IncrementDecrementSelector<3> selector = {bank, {2, 3}}; void setup() { Control_Surface.begin(); // Initialize mcp here and attach interrupt // see https://github.com/maxgerhardt/rotary-encoder-over-mcp23017/blob/master/examples/Interrupt/InterruptExample.cpp } void loop() { Control_Surface.loop(); // Update mcp and rotaryEncoders here if interrupt occured // see https://github.com/maxgerhardt/rotary-encoder-over-mcp23017/blob/master/examples/Interrupt/InterruptExample.cpp }

— You are receiving this because you authored the thread.
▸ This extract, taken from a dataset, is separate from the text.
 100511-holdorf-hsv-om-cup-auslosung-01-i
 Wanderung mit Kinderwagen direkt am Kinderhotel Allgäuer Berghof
Reply to this email directly, view it on GitHub https://github.com/tttapa/Control-Surface/issues/147#issuecomment-604696450, or unsubscribe https://github.com/notifications/unsubscribe-auth/AHZPWCYDRTET4TN7SR6E7I3RJPCJHANCNFSM4LUPB42A .

jmym commented 4 years ago

Hello again, my volume encoders works with pitchbends values, in channels from 1 to 8, How I could send a pitchbend value in a specific channel from banks?

    MIDIAddress address = encAddresses[id].getActiveAddress();
    PitchBendSender<RESOLUTION>::send(val, addr);//clockwise ? +1 : -1
tttapa commented 4 years ago

What kind of pitch bend messages does your DAW expect? Relative or absolute?

jmym commented 4 years ago

Could you explain me the difference? I send the pitchbendsender and only work in the first fader from my daw. I use the Mackie control driver to send the data from Arduino to my daw.

El sáb., 28 mar. 2020 16:33, tttapa notifications@github.com escribió:

What kind of pitch bend messages does your DAW expect? Relative or absolute?

— You are receiving this because you authored the thread. Reply to this email directly, view it on GitHub https://github.com/tttapa/Control-Surface/issues/147#issuecomment-605463186, or unsubscribe https://github.com/notifications/unsubscribe-auth/AHZPWC2TNFQI2RX2HJBG6YLRJYKELANCNFSM4LUPB42A .

tttapa commented 4 years ago

In absolute mode, you send a value between 0 and 16,384, which represents a value between 0% and 100%. This is how potentiometers work.

For encoders, relative messages are often used. Instead of sending an absolute value, you send relative deltas, e.g. "+1" or "-1". This adds or subtracts one from the current value in the DAW, there's no way to set the absolute value of a control.

If you want to go from the (relative) input of an encoder to an absolute value, you'll have to keep track of the absolute position on the Arduino, so you'll have to add an array, one position variable for each encoder.

I send the pitchbendsender and only work in the first fader from my daw.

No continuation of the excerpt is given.